§ What this task involves
Please set down only the lines running from the one with "Modern living room" through the last line of the entries, exactly as written and without any pictures.

§ Records supplied
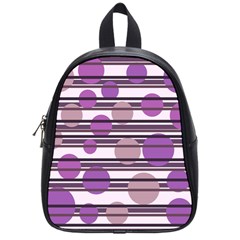 Purple Simple Pattern School Bags (small)  by Valentinaart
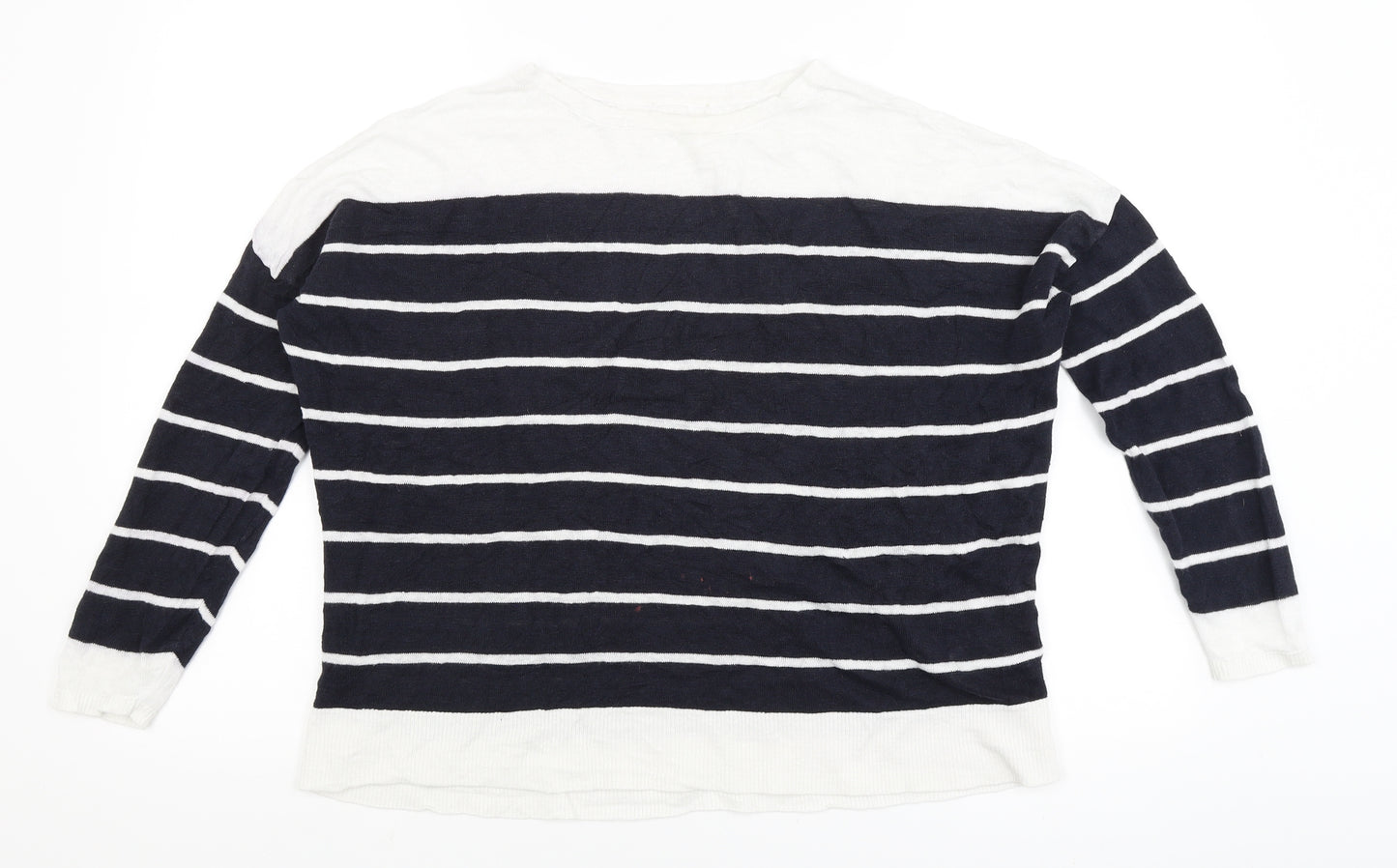 Phase Eight Womens White Striped  Pullover Jumper Size M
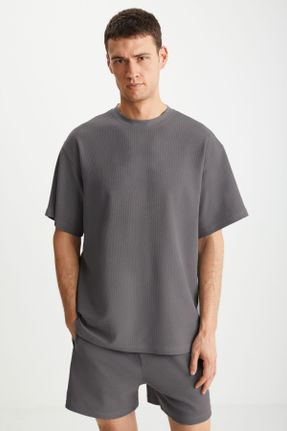 تی شرت طوسی مردانه یقه گرد رگولار تکی کد 812365225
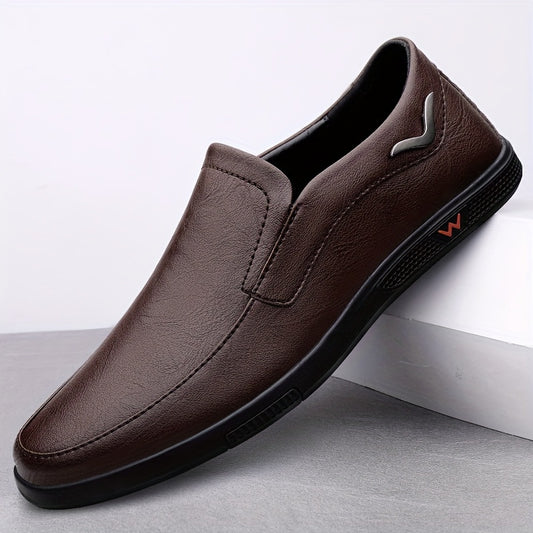 Men's slip on loafers with solid colour upper and comfortable non-slip rubber sole.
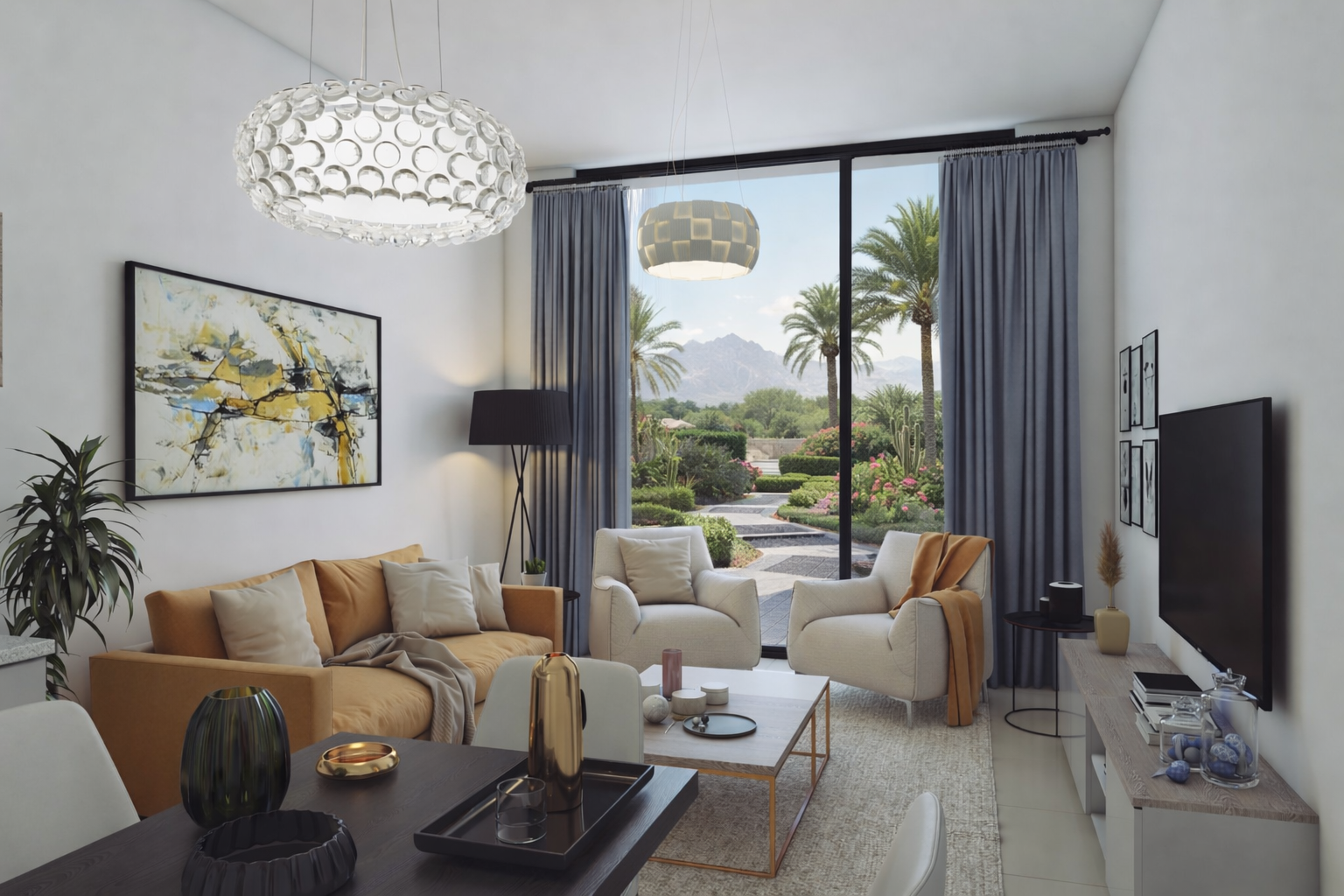 Modern living room with large sliding glass doors opening to desert landscape with palm trees, mountains, and blue sky. Features a beige sofa, .residences oman, freehold, apartments visa residency muscat residences in duqm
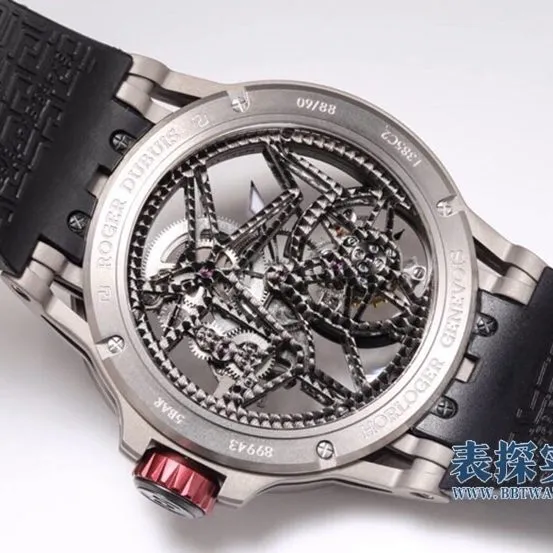 BBR King Roger Dubuis watch white steel tourbillon hollow rubber model RDDBEX0545clasp picture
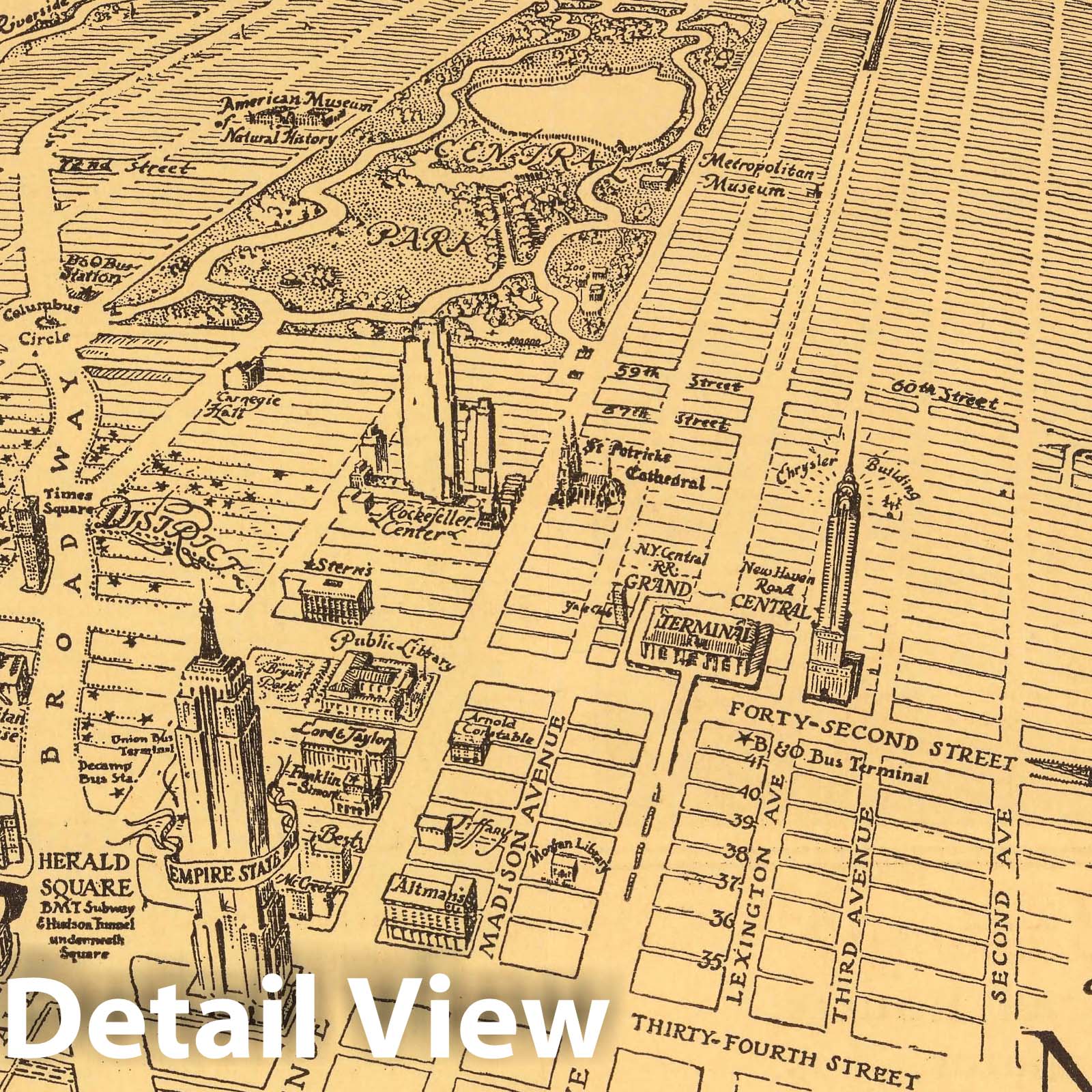 New York City - Pictorial Map, 1931 - Historical Map Print
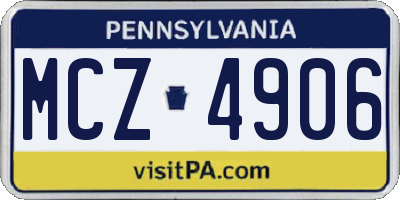 PA license plate MCZ4906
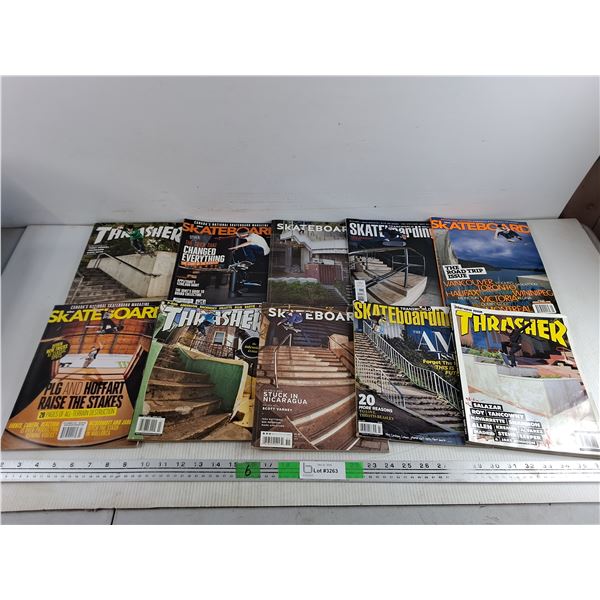 (10) Magazines - Thrasher, Skateboard & Skateboarding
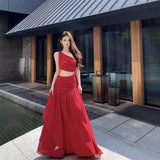 Pure Babes Inclined Shoulder-To-Shoulder Atmosphere Feel Holiday Super Fairy Big Swing Romantic Dress White Long Dress High-End Feel Skirt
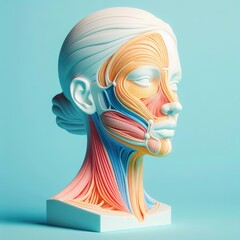 3D Model of Human Head with Anatomy of Facial Muscles. Soft shapes 3D illustration with delicate pastel colors.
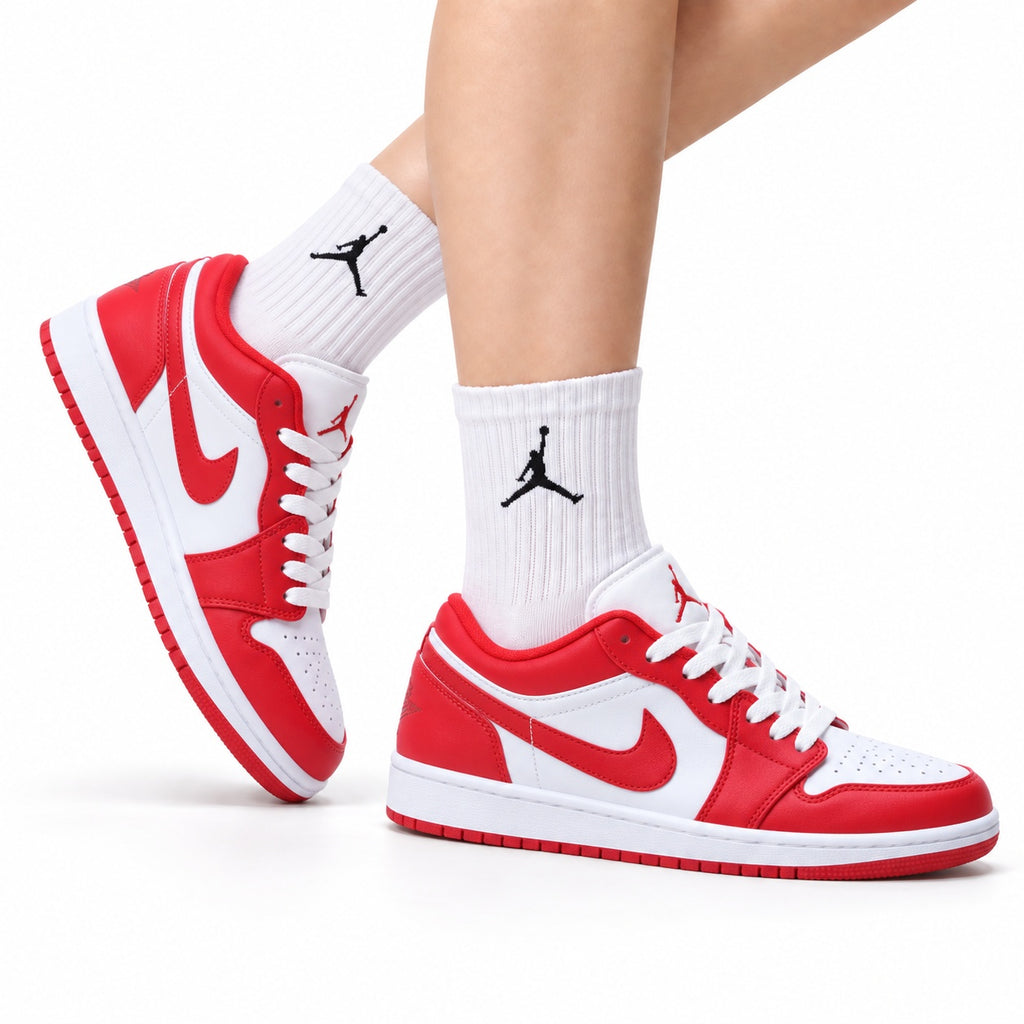 Nike Low-Top Sneakers Red White Unisex Style 52 white background lifestyle main view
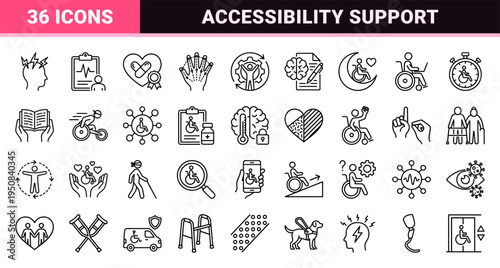 Accessibility and Disability Support Monoline Outline Icons featuring Inclusive Healthcare Symbols for Neurodiversity Mobility and Sensory Impairment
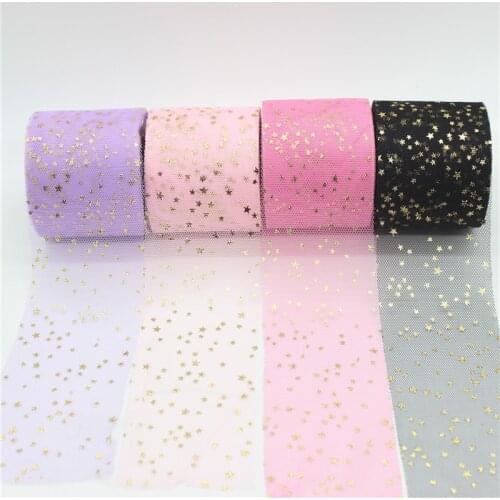 20m/lot Width 6cm Golden Star Spot Printed Glitter Tulle Mesh Roll Spool Tutu Pom Soft Squine Tulle DIY Crafts Decoration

§ Result below
 Modern living room with large sliding glass doors opening to desert landscape with palm trees, mountains, and blue sky. Features a beige sofa, .residences oman, freehold, apartments visa residency muscat residences in duqm
 BBR King Roger Dubuis watch white steel tourbillon hollow rubber model RDDBEX0545clasp picture
 New York City - Pictorial Map, 1931 - Historical Map Print
 PA license plate MCZ4906
 (10) Magazines - Thrasher, Skateboard & Skateboarding
 Pure Babes Inclined Shoulder-To-Shoulder Atmosphere Feel Holiday Super Fairy Big Swing Romantic Dress White Long Dress High-End Feel Skirt
 3D Model of Human Head with Anatomy of Facial Muscles. Soft shapes 3D illustration with delicate pastel colors.
 Nike Low-Top Sneakers Red White Unisex Style 52 white background lifestyle main view
 Accessibility and Disability Support Monoline Outline Icons featuring Inclusive Healthcare Symbols for Neurodiversity Mobility and Sensory Impairment
 20m/lot Width 6cm Golden Star Spot Printed Glitter Tulle Mesh Roll Spool Tutu Pom Soft Squine Tulle DIY Crafts Decoration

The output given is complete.